:: Data section
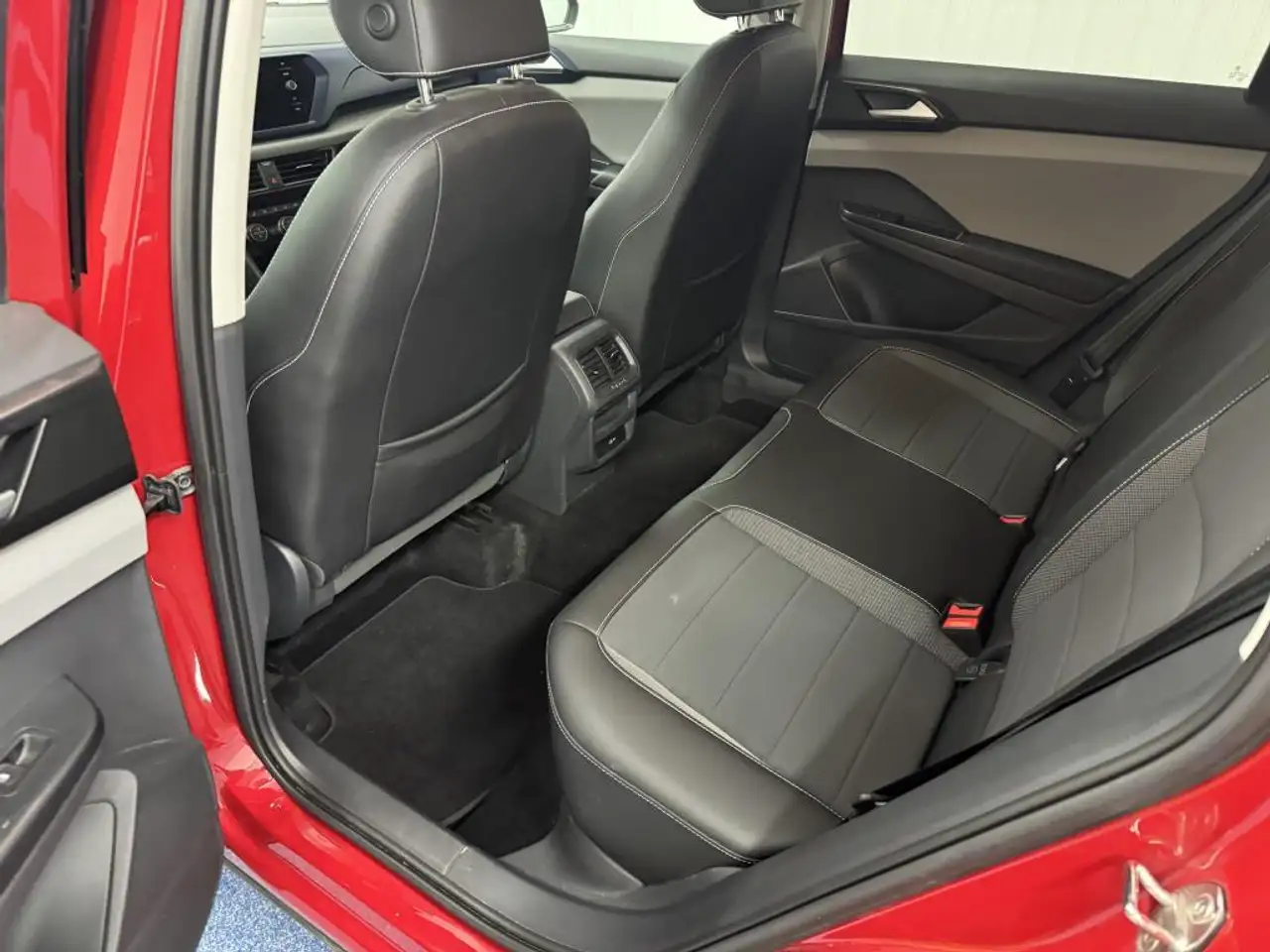 Volkswagen Taos снимка Volkswagen Taos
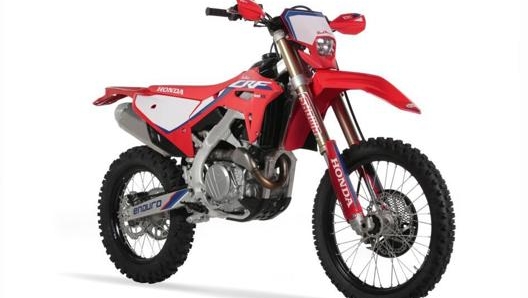 La Crf 400 Rx  la sorella minore della quattroemezzo da cui deriva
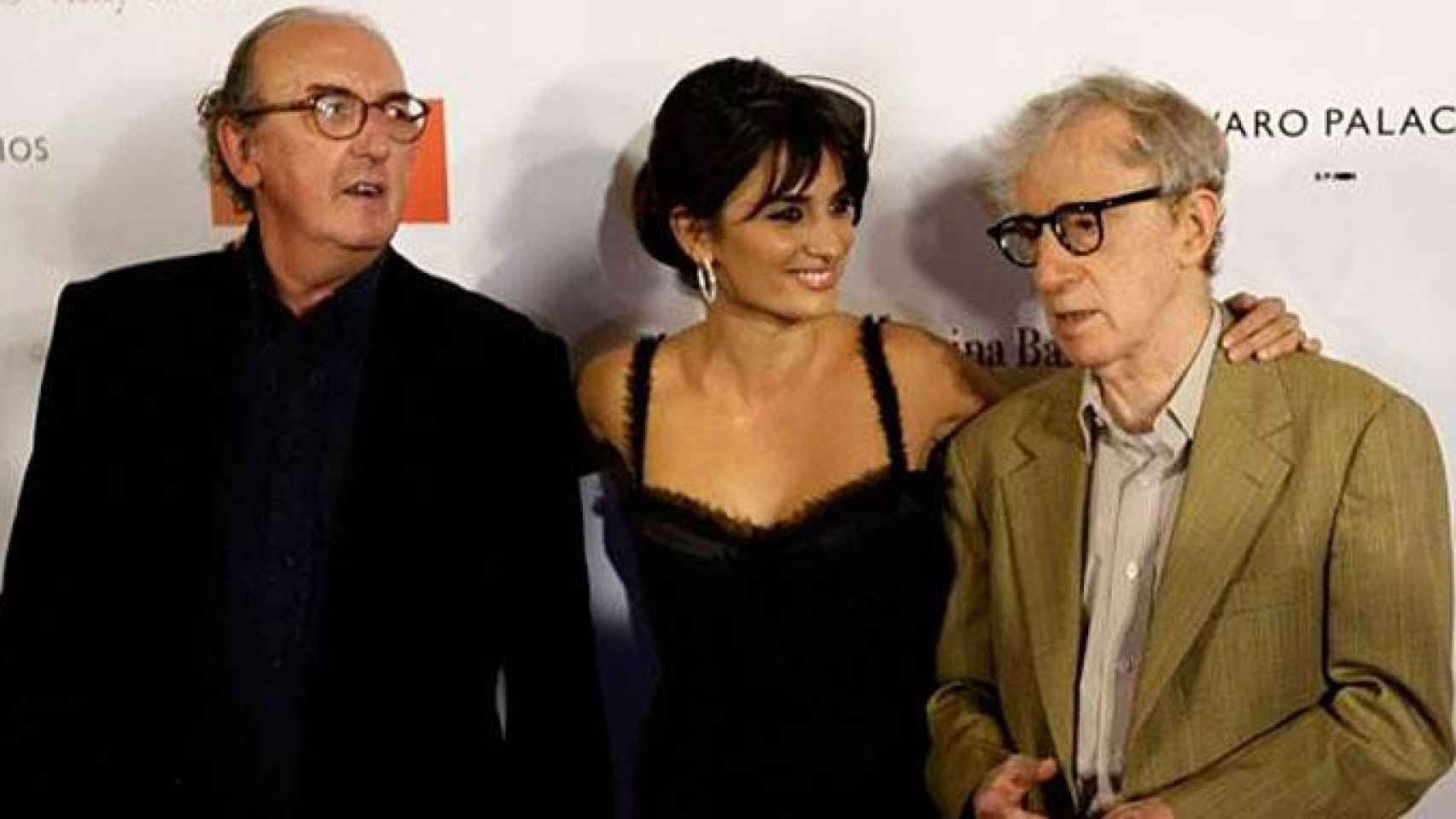 El socio fundador de Mediapro, Jaume Roures; la actriz Penélope Cruz; y el director Woody Allen, durante la presentación de su película rodada en Barcelona / CG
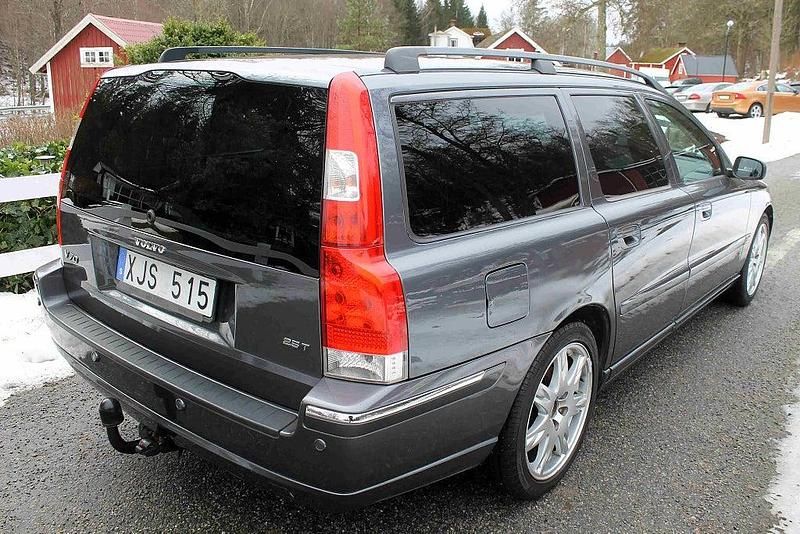 Begagnad Volvo V70 Summum 209 HK (153 kW) 2005 Grå Kombi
::::
**Work order**.
A word-for-word copy of the data above is needed, one that omits the pictures.

**Response**.
 Volkswagen Taos снимка Volkswagen Taos
 La Crf 400 Rx  la sorella minore della quattroemezzo da cui deriva
 El socio fundador de Mediapro, Jaume Roures; la actriz Penélope Cruz; y el director Woody Allen, durante la presentación de su película rodada en Barcelona / CG
 Begagnad Volvo V70 Summum 209 HK (153 kW) 2005 Grå Kombi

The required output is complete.